Sweet Success with Leek Cooking

Cooking offers so much more than just some food we can eat to not be hungry anymore.  Like a sense of accomplishment.  That’s what I felt after cooking some leeks that were really good.

Successfully cooking leeks may not sound like much, unless you know all the hesitancy, and even anxiety, I felt about developing 20 leek recipes for the winter issue of Vegetable of the Month.  Would I ever get a feel for this vegetable?

Wondering if others feel hesitant, maybe even anxious, when faced with a new vegetable, I wrote an article in the winter issue, sharing the three strategies that helped me drum up the inspiration to tackle leeks.

First I flushed out the bogeyman that was scaring me away from leeks.  It was actually of my own making:  I had always been too lazy to learn the right way to cook leeks, so I kept cooking them the wrong way.  Quite predictably, the leeks tasted awful and I didn’t want to try them any more.

After dredging up that bogeyman, I forced myself to tackle it by researching the right way to cook leeks.

Finally, I drug myself out to the kitchen to experiment, and when I say “drug,” I mean exactly that.   The weight of so many bad taste memories was as good as a 50-pound anchor around my neck.  To my credit, however, I motivated us out to the kitchen, me and the anchor, and jumped knee deep into leek cooking.  But this time I slowed down and consciously cooked the leeks as I’d learned:  “sweating” carefully, over low heat, for not too long.

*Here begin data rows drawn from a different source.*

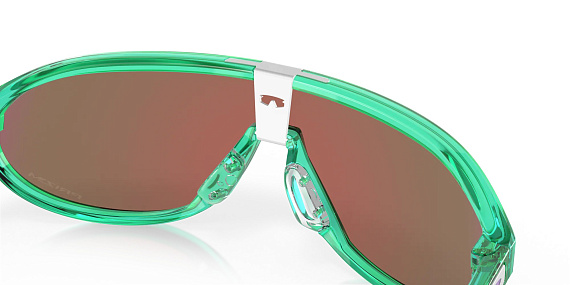 Очки Oakley CMDN Translucent Celeste/Prizm Violet - Фото 4 большая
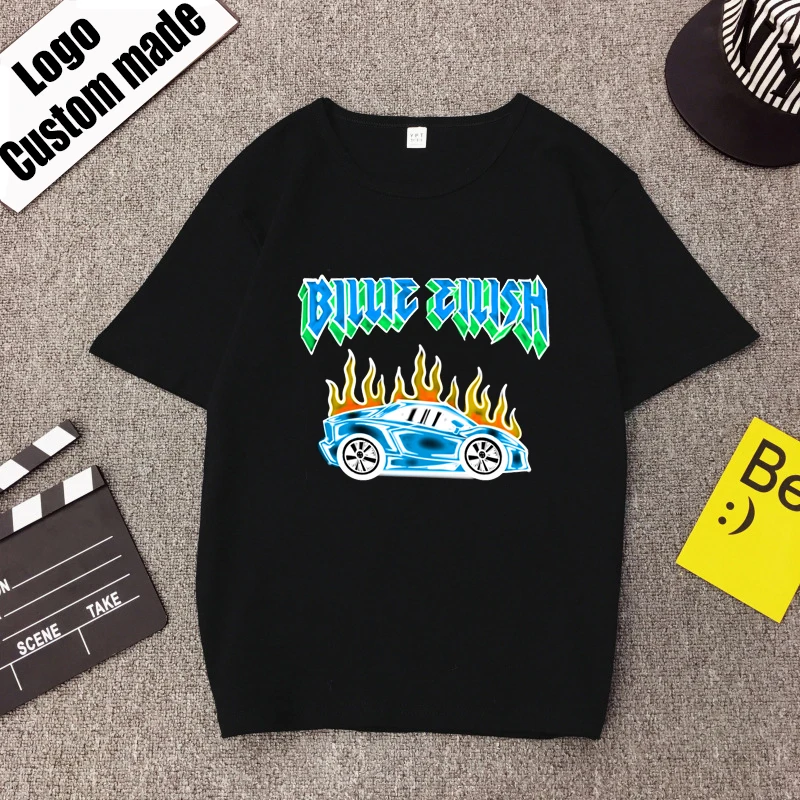 Fans Camiseta футболка Эстетическая уличная одежда Mujer Cool Billie Eilish футболка с графикой для хипстеров хип-хоп Harajuku Femme Homme футболка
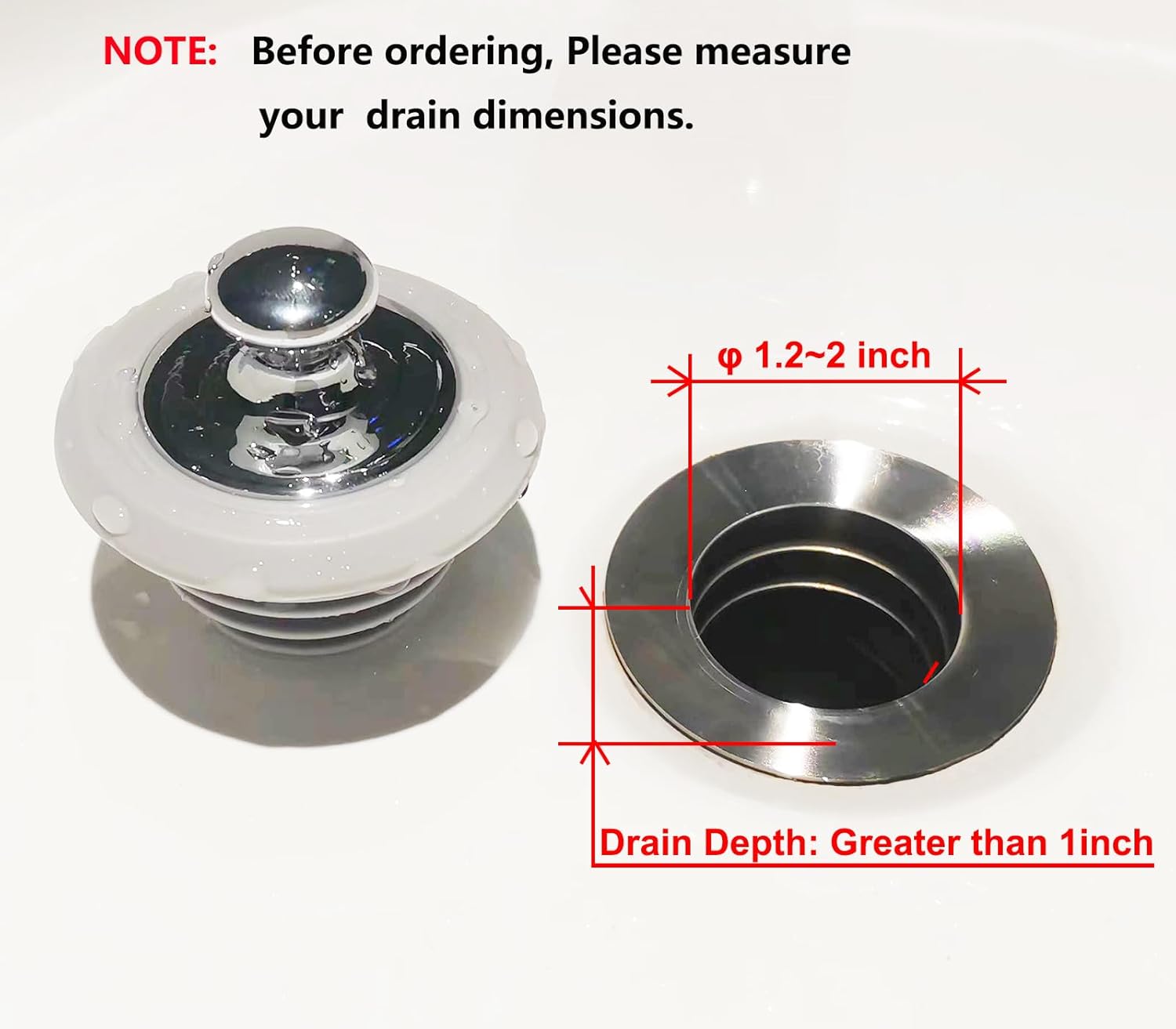 XAJOON Silicone Bathtub Stopper with Patented Design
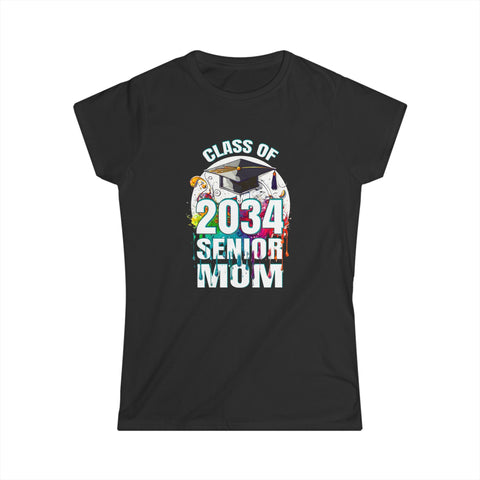 Proud Mom of 2034 Senior Class of 34 Proud Mom 2034 Womens Shirt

The result:  Sweet success, not only figuratively but literally.  Properly cooked, leeks have a sublime sweetness, hard as that is to believe.  This success has prompted me to add one more New Vegetable Strategy to the three in my article:

No. 4:  Learn Right From the Start

Learning to cook with leeks would have been a lot quicker and easier had I not been burdened by so much bad-taste baggage.  In this sense, I am reminded of my experience with downhill skiing.

I was “taught” to downhill ski by being dumped at the top of a hill along with some advice to ski down.  I was a horrible skier for years.  Although my husband eventually taught me to become a reasonably competent skier, I had to painfully unlearn all the bad form and habits I had fallen into and never did I acquire a real love for the sport.

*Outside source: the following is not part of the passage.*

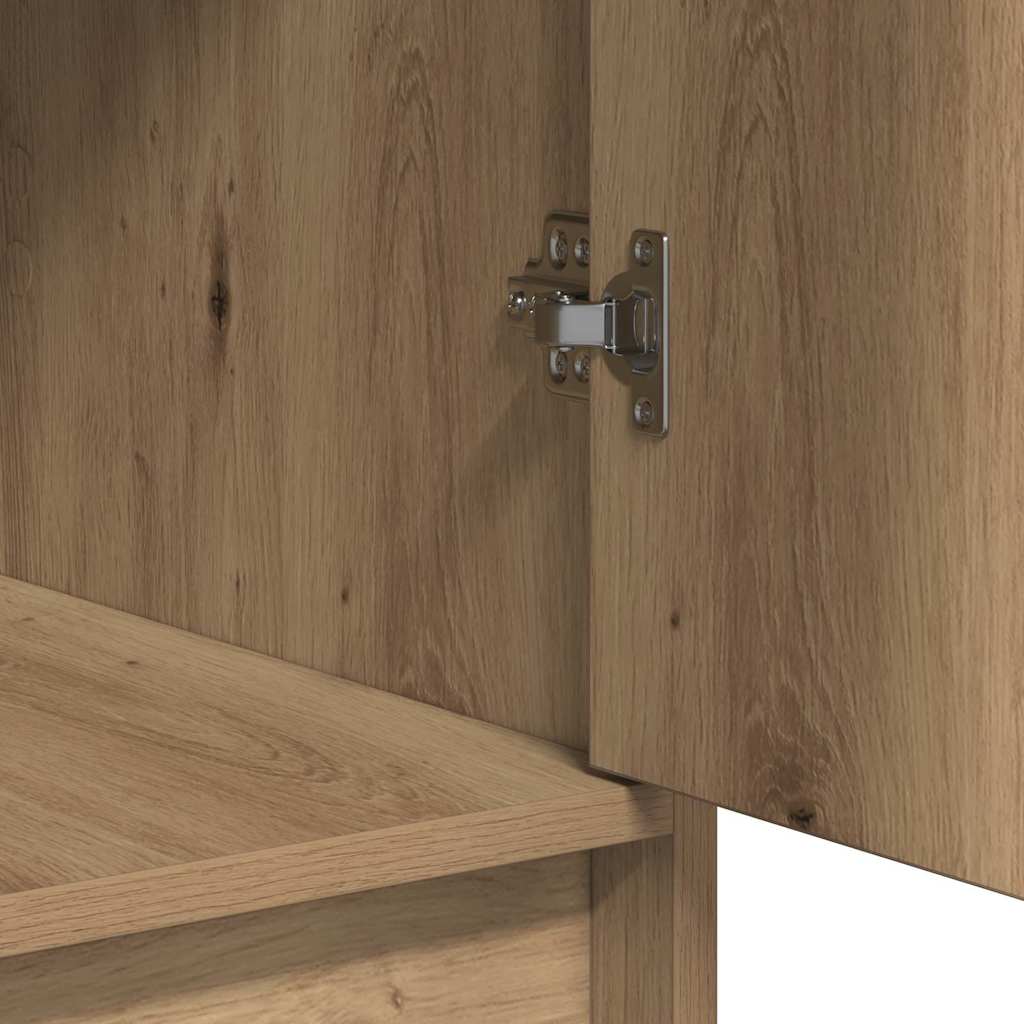 vidaXL Τραπέζι περιποίησης με συρτάρι 3 pcs Καφέ Επεξεργασμένο ξύλο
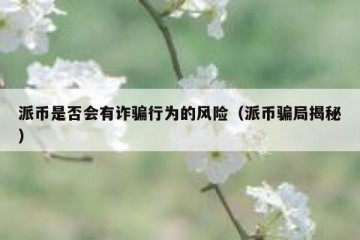 派币是否会有诈骗行为的风险（派币骗局揭秘）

Cross-country skiing, on the other hand, was a completely different story.  I got proper instruction right from the start, became pretty good and, most importantly, came to love the sport.

So don’t wait to learn the right way to cook vegetables, and especially don’t let any more distasteful eating experiences spoil your feelings for a vegetable.  Vegetable a Month is here to help you learn right from the start.